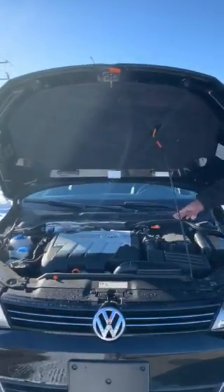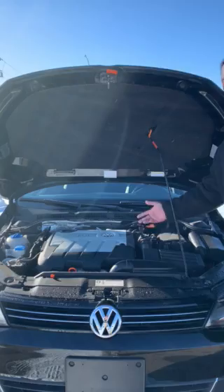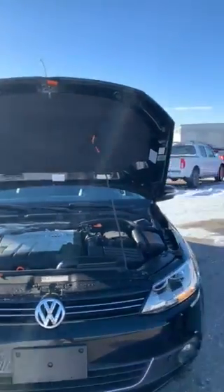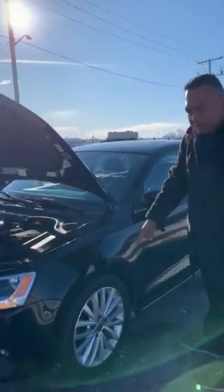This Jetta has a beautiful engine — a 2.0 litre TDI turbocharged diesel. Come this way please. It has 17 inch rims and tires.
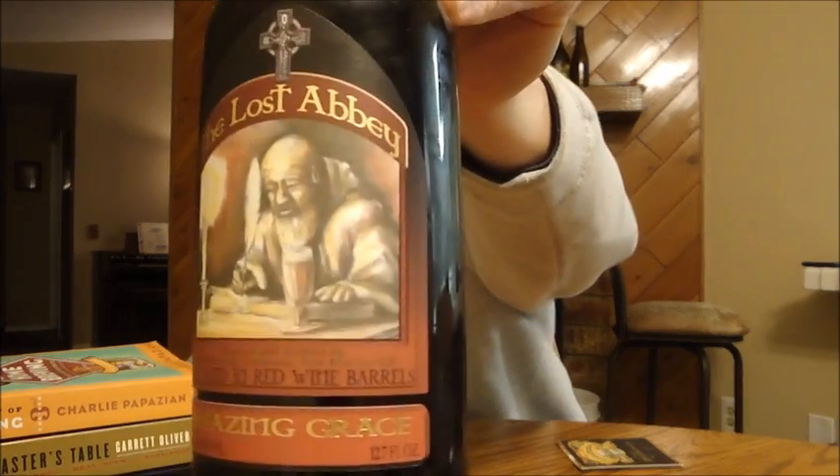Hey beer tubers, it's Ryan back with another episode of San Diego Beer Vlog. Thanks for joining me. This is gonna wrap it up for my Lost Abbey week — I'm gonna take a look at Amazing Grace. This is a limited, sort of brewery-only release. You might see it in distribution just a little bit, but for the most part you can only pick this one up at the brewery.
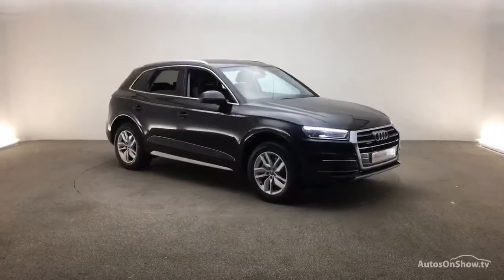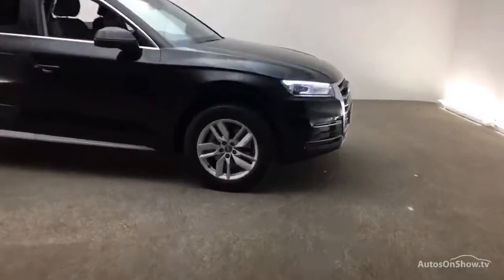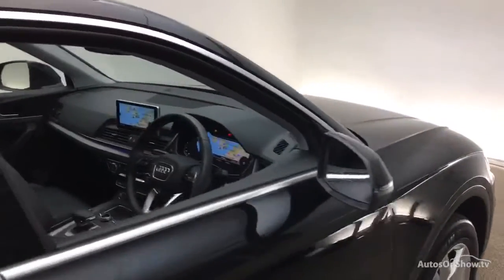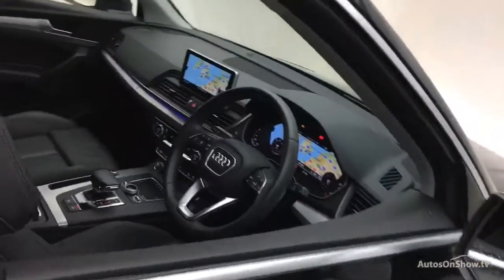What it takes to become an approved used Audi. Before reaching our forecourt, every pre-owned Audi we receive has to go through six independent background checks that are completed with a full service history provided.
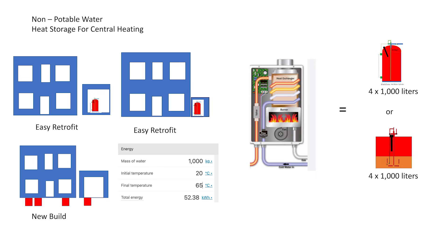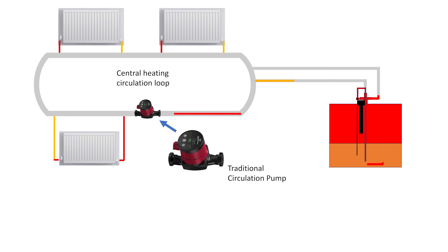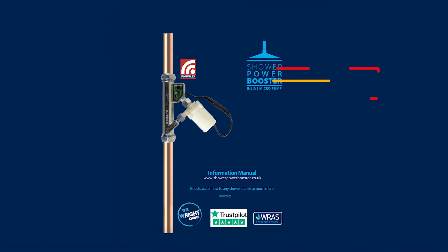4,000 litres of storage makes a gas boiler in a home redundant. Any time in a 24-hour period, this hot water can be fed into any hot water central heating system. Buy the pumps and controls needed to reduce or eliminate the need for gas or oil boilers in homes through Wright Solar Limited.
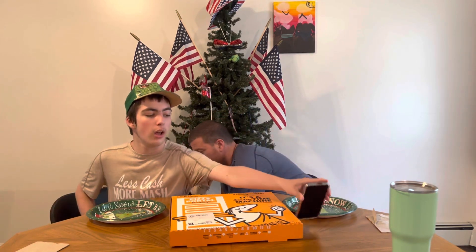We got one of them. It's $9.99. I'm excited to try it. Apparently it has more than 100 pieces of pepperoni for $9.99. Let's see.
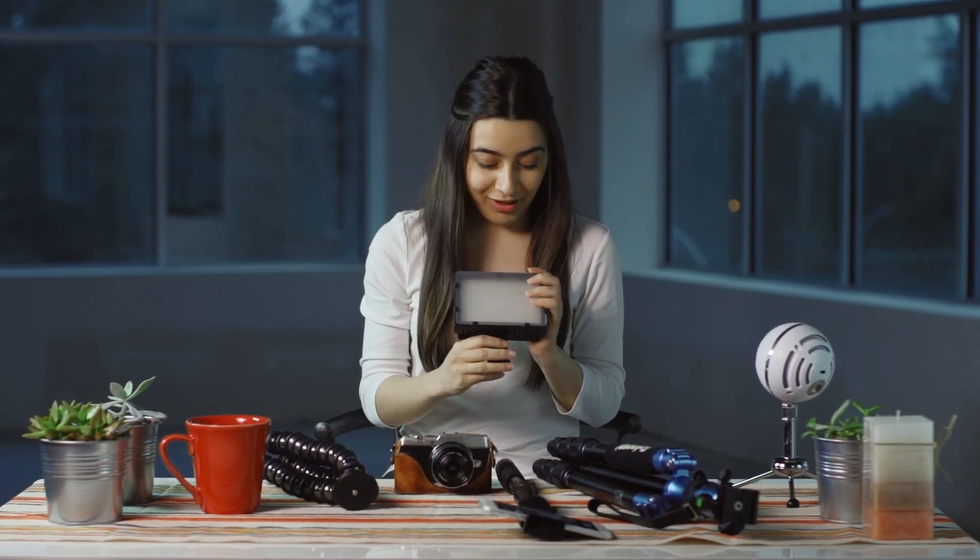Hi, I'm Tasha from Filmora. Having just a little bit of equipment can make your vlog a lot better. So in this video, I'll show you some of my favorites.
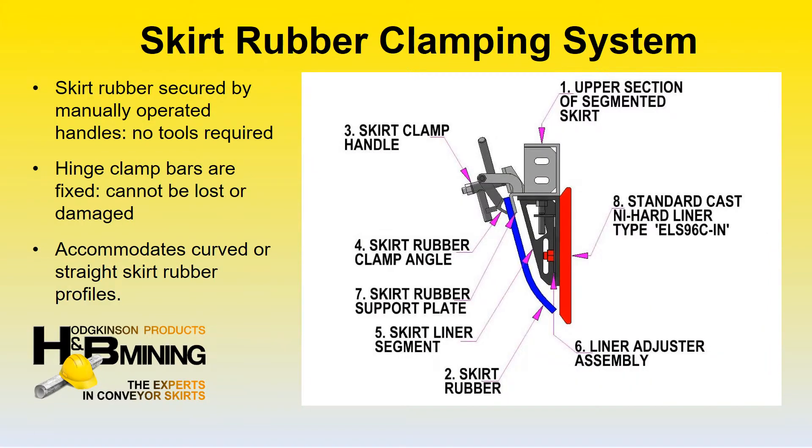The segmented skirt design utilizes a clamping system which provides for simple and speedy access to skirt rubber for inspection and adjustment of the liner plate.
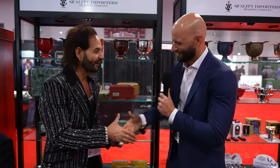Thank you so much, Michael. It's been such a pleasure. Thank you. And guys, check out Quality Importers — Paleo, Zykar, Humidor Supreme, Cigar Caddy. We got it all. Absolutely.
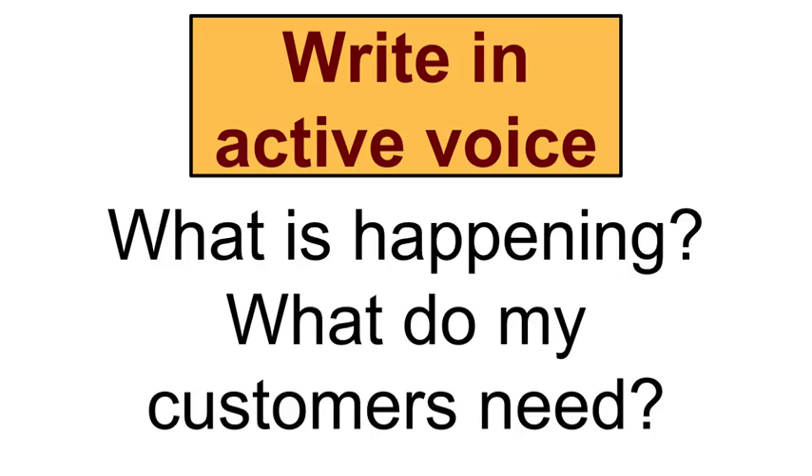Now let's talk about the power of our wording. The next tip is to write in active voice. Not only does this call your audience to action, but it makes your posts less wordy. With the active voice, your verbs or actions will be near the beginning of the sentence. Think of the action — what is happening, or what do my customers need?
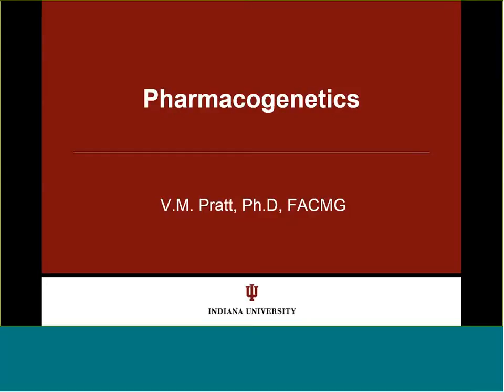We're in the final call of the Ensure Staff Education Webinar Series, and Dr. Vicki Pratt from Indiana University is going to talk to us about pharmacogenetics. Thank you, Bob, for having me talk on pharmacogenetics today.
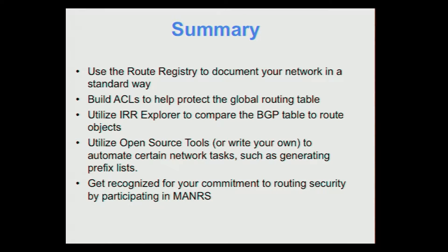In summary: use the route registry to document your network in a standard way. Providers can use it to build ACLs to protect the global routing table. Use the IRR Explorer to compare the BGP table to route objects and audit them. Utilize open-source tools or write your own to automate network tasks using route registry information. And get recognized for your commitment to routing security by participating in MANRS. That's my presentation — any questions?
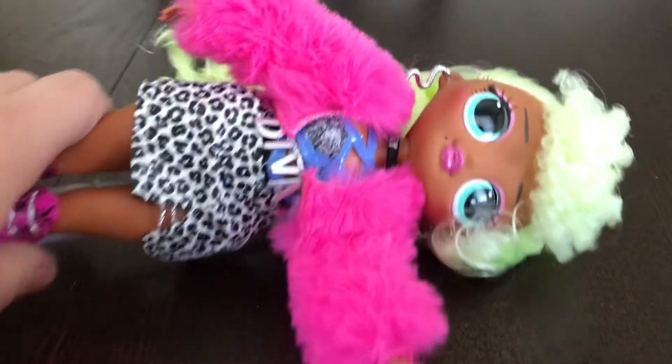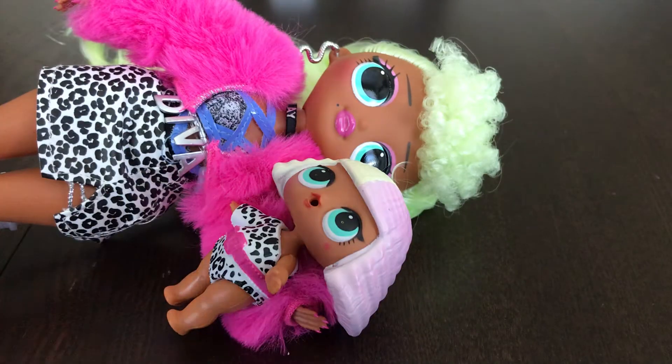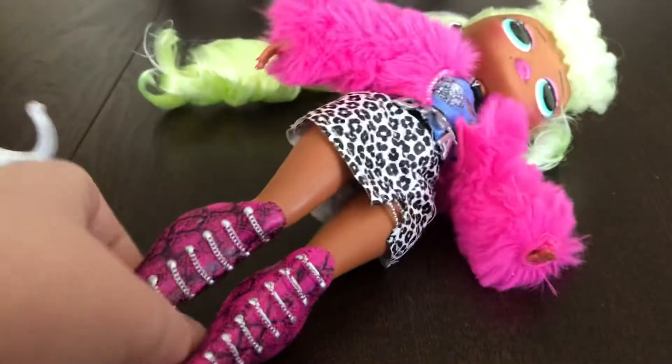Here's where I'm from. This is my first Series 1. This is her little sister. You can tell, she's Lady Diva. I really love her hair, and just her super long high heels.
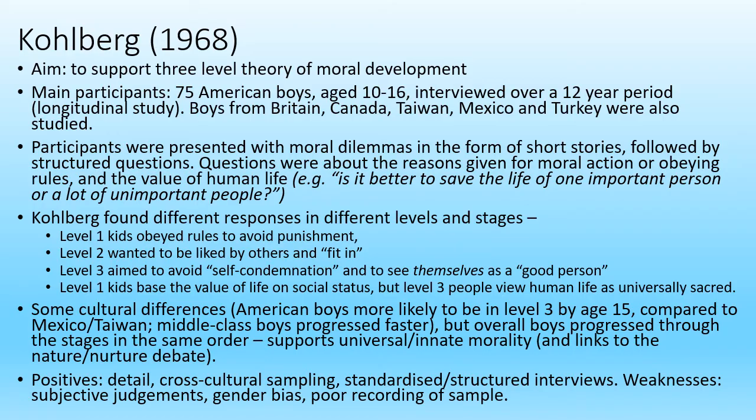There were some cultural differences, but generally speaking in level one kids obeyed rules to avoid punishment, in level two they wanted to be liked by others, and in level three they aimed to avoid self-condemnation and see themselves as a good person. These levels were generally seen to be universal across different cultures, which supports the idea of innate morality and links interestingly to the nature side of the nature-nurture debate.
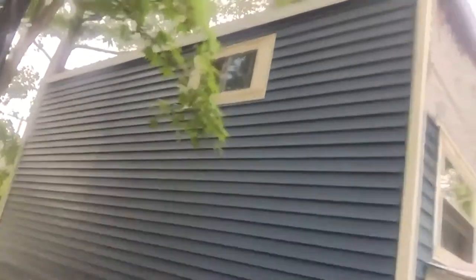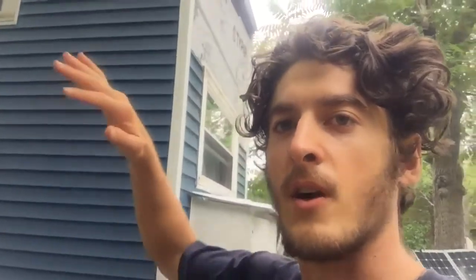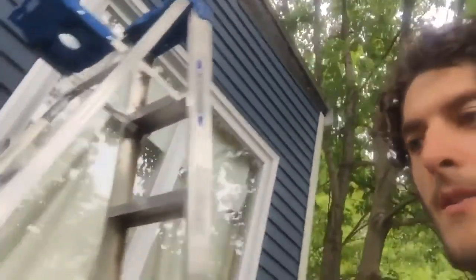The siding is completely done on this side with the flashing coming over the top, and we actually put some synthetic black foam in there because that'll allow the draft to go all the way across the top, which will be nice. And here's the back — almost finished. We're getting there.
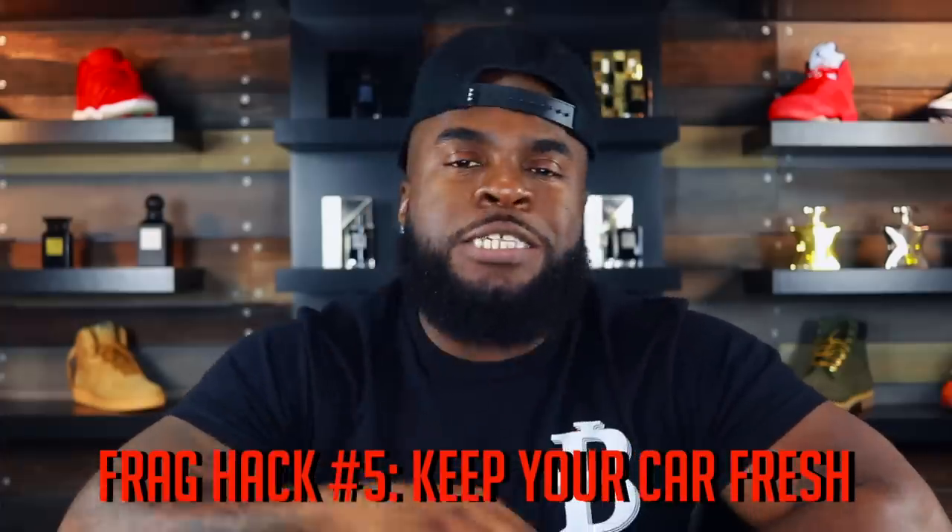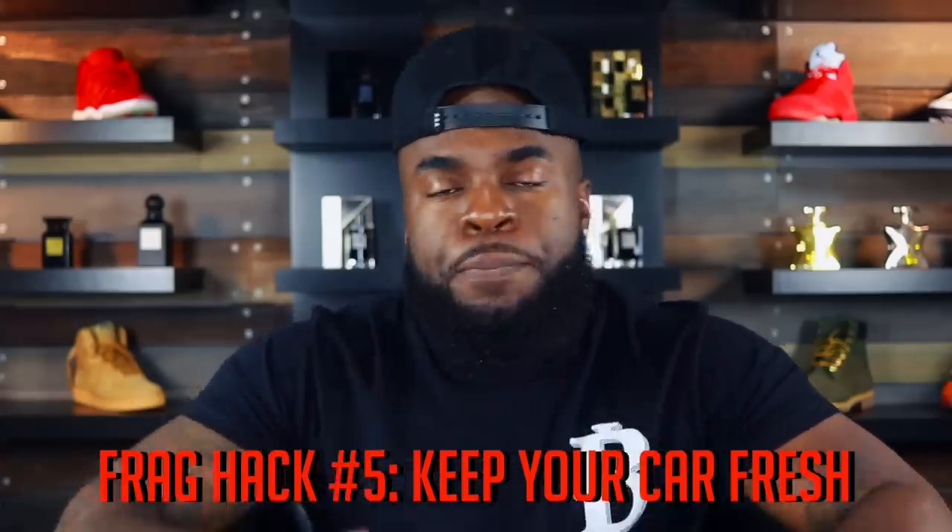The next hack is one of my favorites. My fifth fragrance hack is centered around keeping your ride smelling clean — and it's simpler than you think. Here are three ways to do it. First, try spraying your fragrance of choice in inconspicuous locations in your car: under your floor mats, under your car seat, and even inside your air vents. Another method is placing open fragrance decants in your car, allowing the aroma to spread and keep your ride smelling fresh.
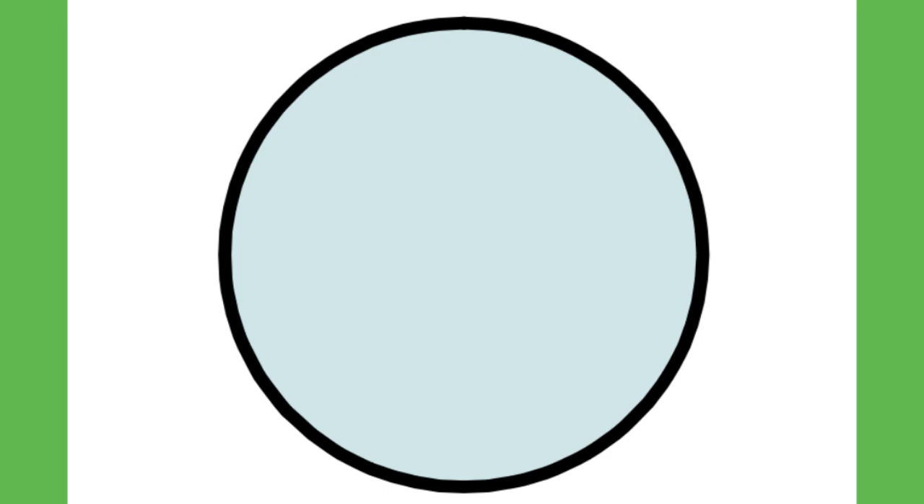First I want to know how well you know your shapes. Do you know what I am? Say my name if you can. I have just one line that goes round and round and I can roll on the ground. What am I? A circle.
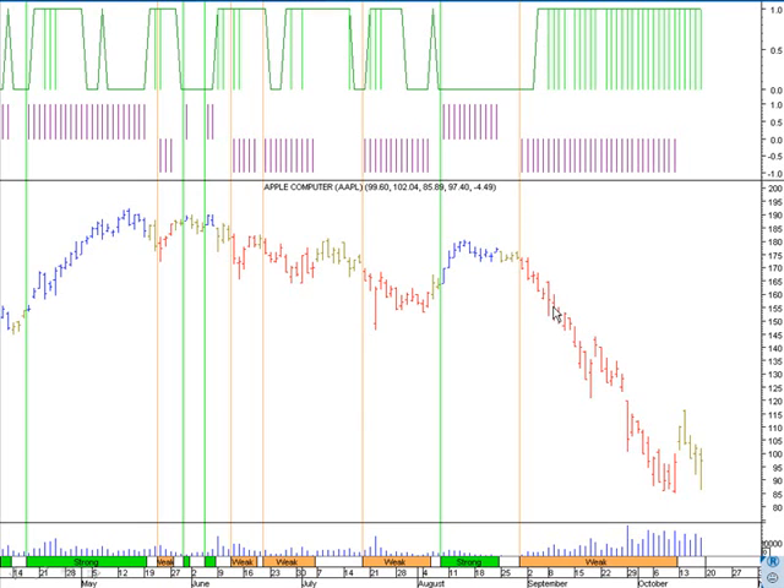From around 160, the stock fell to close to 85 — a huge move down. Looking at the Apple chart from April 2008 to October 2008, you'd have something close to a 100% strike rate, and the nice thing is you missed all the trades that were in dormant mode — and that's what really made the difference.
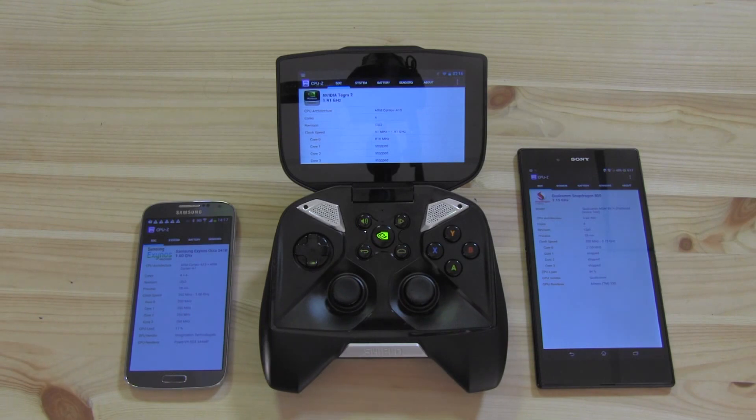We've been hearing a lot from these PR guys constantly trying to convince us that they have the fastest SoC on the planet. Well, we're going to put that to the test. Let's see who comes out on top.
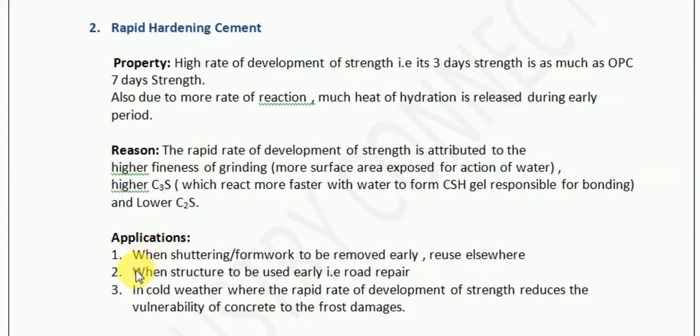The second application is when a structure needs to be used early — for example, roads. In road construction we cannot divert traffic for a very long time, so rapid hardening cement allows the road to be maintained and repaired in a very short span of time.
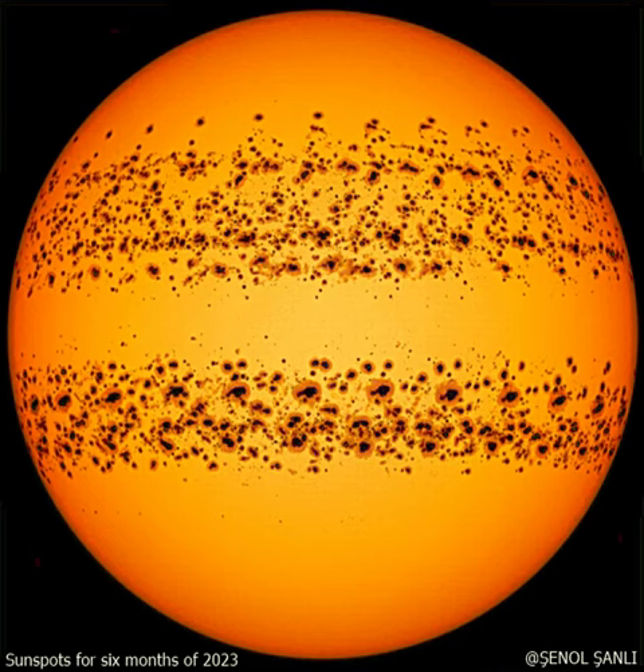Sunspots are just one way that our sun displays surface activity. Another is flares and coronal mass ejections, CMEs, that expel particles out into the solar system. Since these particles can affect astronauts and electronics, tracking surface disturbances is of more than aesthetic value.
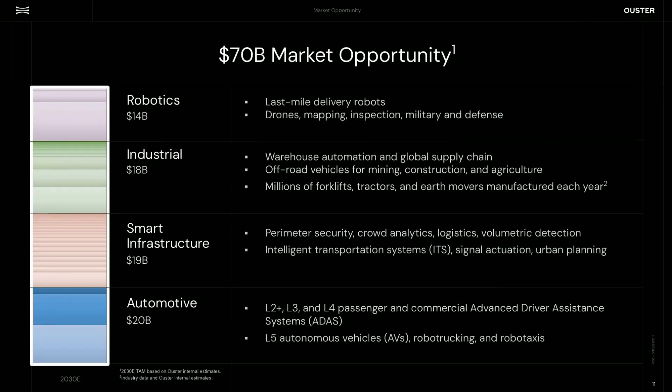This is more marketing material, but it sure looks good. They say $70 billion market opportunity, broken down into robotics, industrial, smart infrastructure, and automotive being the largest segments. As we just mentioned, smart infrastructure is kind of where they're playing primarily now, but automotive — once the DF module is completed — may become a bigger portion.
+ + + +
*Try it*.
Going by the data above, the answer is exactly the lines from the one holding "We've been hearing" to the one holding "Sunspots are just", both kept, with the pictures left out.

*Exercise solution*.
We've been hearing a lot from these PR guys constantly trying to convince us that they have the fastest SoC on the planet. Well, we're going to put that to the test. Let's see who comes out on top.
The second application is when a structure needs to be used early — for example, roads. In road construction we cannot divert traffic for a very long time, so rapid hardening cement allows the road to be maintained and repaired in a very short span of time.
Sunspots are just one way that our sun displays surface activity. Another is flares and coronal mass ejections, CMEs, that expel particles out into the solar system. Since these particles can affect astronauts and electronics, tracking surface disturbances is of more than aesthetic value.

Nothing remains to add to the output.